Mas ainda que a imagem apresentada busque passar a firmeza como principal marca, nesse ponto Merkel sofre críticas. Ela é considerada hesitante na hora da tomada de decisões e para os machistas tal característica seria justamente o ponto fraco das mulheres. Na Alemanha, no entanto, em geral é respeitada não só pelos homens como também pelas mulheres. E respeito, mais que popularidade, é ponto fundamental para um político com maiores pretensões, como a de chefe de estado. Pois a popularidade oscila, ora pode estar em alta ora em baixa, já respeito, ou se tem ou não se tem.
No caso de Ségolène Royal temos uma carreira política meteórica e que se apresenta como alternativa ao establishment, justamente por ela ter entrado de cabeça no cenário político francês há apenas três anos e ainda ser vista como novidade; uma espécie de novo ator que chega ao desgastado cenário político mundial. E ela sabe como usar essa arma e sabe como ser "pop".

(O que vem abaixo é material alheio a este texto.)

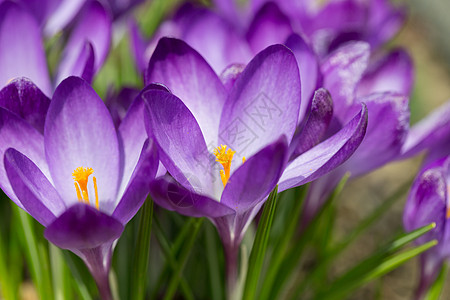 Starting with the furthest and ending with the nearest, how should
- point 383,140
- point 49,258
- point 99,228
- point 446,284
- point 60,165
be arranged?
1. point 446,284
2. point 49,258
3. point 383,140
4. point 60,165
5. point 99,228

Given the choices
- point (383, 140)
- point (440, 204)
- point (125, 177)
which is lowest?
point (440, 204)

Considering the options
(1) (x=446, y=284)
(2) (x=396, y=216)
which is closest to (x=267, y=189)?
(1) (x=446, y=284)

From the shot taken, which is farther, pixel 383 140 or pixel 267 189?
pixel 383 140

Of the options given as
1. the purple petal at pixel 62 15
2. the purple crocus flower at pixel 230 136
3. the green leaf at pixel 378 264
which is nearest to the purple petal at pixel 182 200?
the purple crocus flower at pixel 230 136

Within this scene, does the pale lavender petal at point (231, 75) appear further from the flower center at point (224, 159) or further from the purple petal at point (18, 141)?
the purple petal at point (18, 141)

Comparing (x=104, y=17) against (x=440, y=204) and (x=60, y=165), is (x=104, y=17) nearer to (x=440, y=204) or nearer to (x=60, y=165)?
(x=60, y=165)

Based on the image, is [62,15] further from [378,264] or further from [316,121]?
[378,264]

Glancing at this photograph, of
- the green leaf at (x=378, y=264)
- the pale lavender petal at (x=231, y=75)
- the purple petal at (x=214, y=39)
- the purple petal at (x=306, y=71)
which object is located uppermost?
the purple petal at (x=214, y=39)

De corrente política esquerdista, usa e abusa de idéias e atitudes controversas para atrair a mídia, criando factóides e principalmente usando a exposição midiática como arma para a consolidação de sua imagem. Ainda que, para isso, tenha usado o cargo de ministra do Meio Ambiente no passado recente para se consolidar no cenário da mídia, quando, ao dar a luz pela quarta vez, convidou cinegrafistas e um fotógrafo a entrar no quarto do hospital em que se recuperava. Começou ali a traçar a imagem de mãe na política, a qual sustenta atualmente, ressaltando sempre o fato de ver a população com os olhos de uma mãe para com o filho. Quanto mais popular se tornou, mais passou a investir na imagem. Há cerca de dois anos trocou os casacos de tricô por vestidos mais chamativos, passando a se apresentar como ícones da moda que estampam revistas populares na França, inclusive passando a estampar com freqüência capas de tais periódicos. Sofre críticas por ser a personificação da imagem ideal, mas com conteúdo limitado, dizem produto de marketing. Mas sem dúvida um ícone da vitória esquerdista.
E os exemplos de mulheres com sucesso na política e que podem ser o "ídolo" que impulsiona uma geração vão além. Nos Estados Unidos, temos a senadora democarata Hillary Clinton e a republicana Condolleza Rice. Casos como o de Merkel e Royal. Uma de esquerda, Hillary, outra de direita, Rice. Uma bela, Hillary, outra "masculinizada" Rice. Uma liberal, Hillary, outra conservadora, Rice. As duas muito populares e principalmente, goste-se delas ou não, respeitadas. Por isso estão mais do que cotadas a serem as postulantes ao cargo de presidente da maior nação do mundo, os Estados Unidos da América. Sem dúvidas, se tal possibilidade realmente se concretizar, teremos um impulso ainda maior para a participação das mulheres. E porque não definitivo? Além disso, não podemos esquecer da presidente do Chile Michelle Bachelet que lidera a o bloco de mulheres que estão no poder aqui na América Latina.
E se a eleição nos EUA for mesmo decida entre duas mulheres a exposição do tema na mídia fará com que diversas mulheres passem a acreditar que podem vencer barreiras e o status quo predominante na sociedade. Mas, ressalte-se que para aproveitar a chamada "janela de oportunidade" a surgir nos próximos anos é fator determinante a preparação das mulheres para o novo horizonte que se abre. Resta constatar que os feijões que mostram os diferentes caminhos ao sucesso, como no conto, estão ao solo. Para alcançá-lo basta escolher a alternativa que melhor se adapte ao perfil de cada uma.